* Data extract
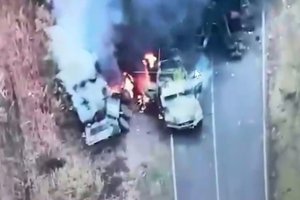 Ukrainiečiai pačioje Rusijoje sudaužė okupantų karinės technikos konvojų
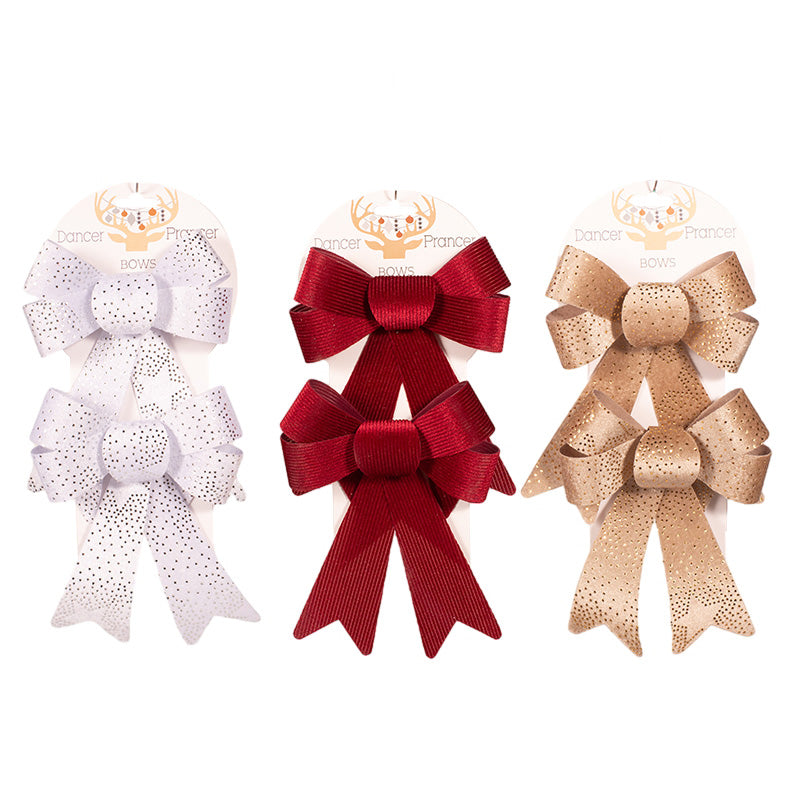 Christmas Bows 15x17cm 2 Pack Assorted Colors
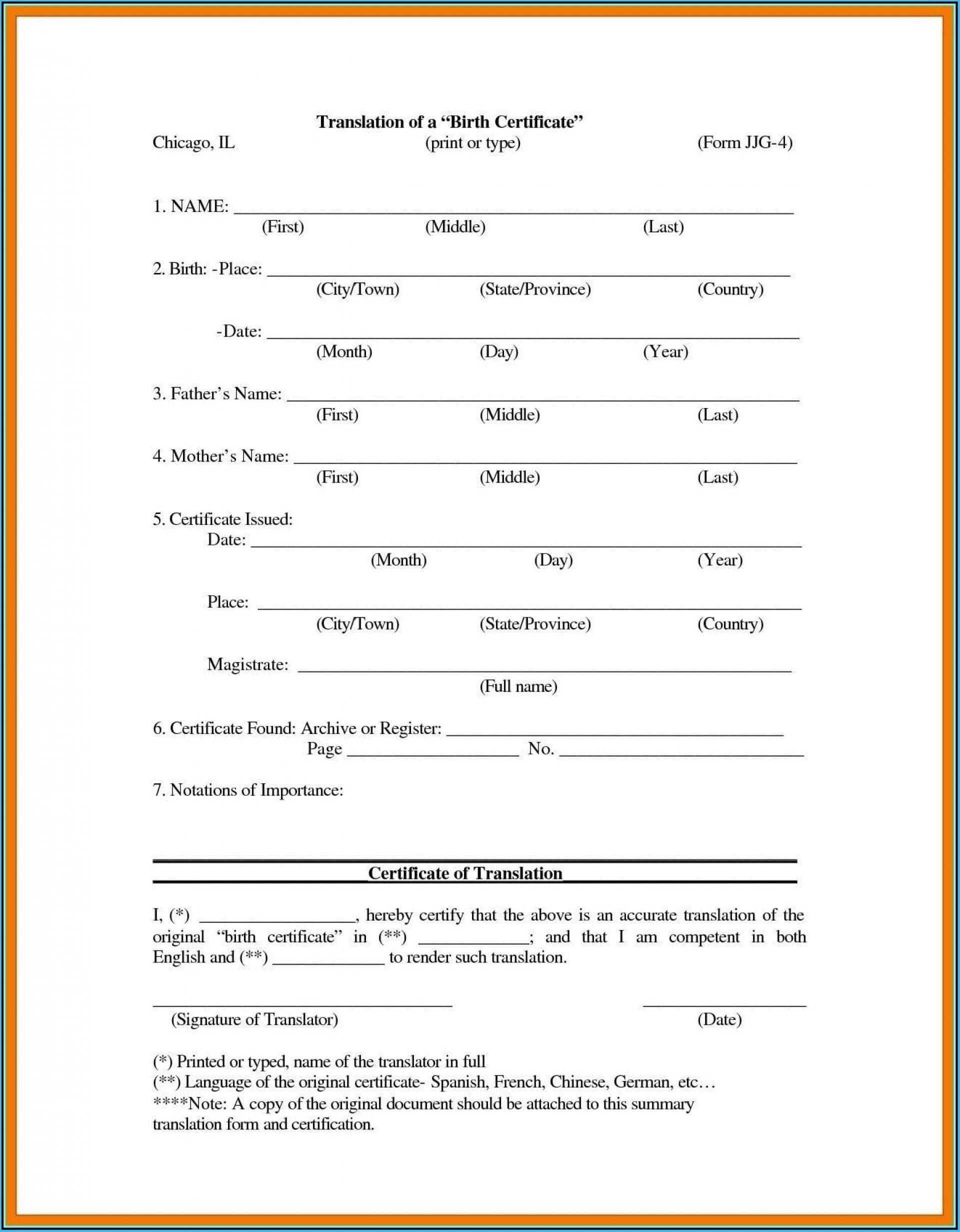 Impressive Free Birth Certificate Template Ideas Puppy Pertaining To Uscis Birth Certificate Translation Template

* Instructions for the task
A faithful copy of the data is required: each word kept, each picture omitted.

* Task solution
 Ukrainiečiai pačioje Rusijoje sudaužė okupantų karinės technikos konvojų
 Christmas Bows 15x17cm 2 Pack Assorted Colors
 Impressive Free Birth Certificate Template Ideas Puppy Pertaining To Uscis Birth Certificate Translation Template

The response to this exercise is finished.